**TASK DIRECTIONS**
Could you extract every entry below and reproduce it exactly?

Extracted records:
********
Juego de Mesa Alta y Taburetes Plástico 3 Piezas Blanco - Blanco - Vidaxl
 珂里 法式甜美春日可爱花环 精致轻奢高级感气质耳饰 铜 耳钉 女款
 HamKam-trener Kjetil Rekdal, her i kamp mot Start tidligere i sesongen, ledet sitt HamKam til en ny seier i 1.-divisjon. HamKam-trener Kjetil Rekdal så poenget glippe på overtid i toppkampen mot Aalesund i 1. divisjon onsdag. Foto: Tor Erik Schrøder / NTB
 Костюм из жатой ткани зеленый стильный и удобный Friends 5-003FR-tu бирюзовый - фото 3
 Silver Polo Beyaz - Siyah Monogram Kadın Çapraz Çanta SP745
********
**COMPLETED TASK**
Juego de Mesa Alta y Taburetes Plástico 3 Piezas Blanco - Blanco - Vidaxl
 珂里 法式甜美春日可爱花环 精致轻奢高级感气质耳饰 铜 耳钉 女款
 HamKam-trener Kjetil Rekdal, her i kamp mot Start tidligere i sesongen, ledet sitt HamKam til en ny seier i 1.-divisjon. HamKam-trener Kjetil Rekdal så poenget glippe på overtid i toppkampen mot Aalesund i 1. divisjon onsdag. Foto: Tor Erik Schrøder / NTB
 Костюм из жатой ткани зеленый стильный и удобный Friends 5-003FR-tu бирюзовый - фото 3
 Silver Polo Beyaz - Siyah Monogram Kadın Çapraz Çanta SP745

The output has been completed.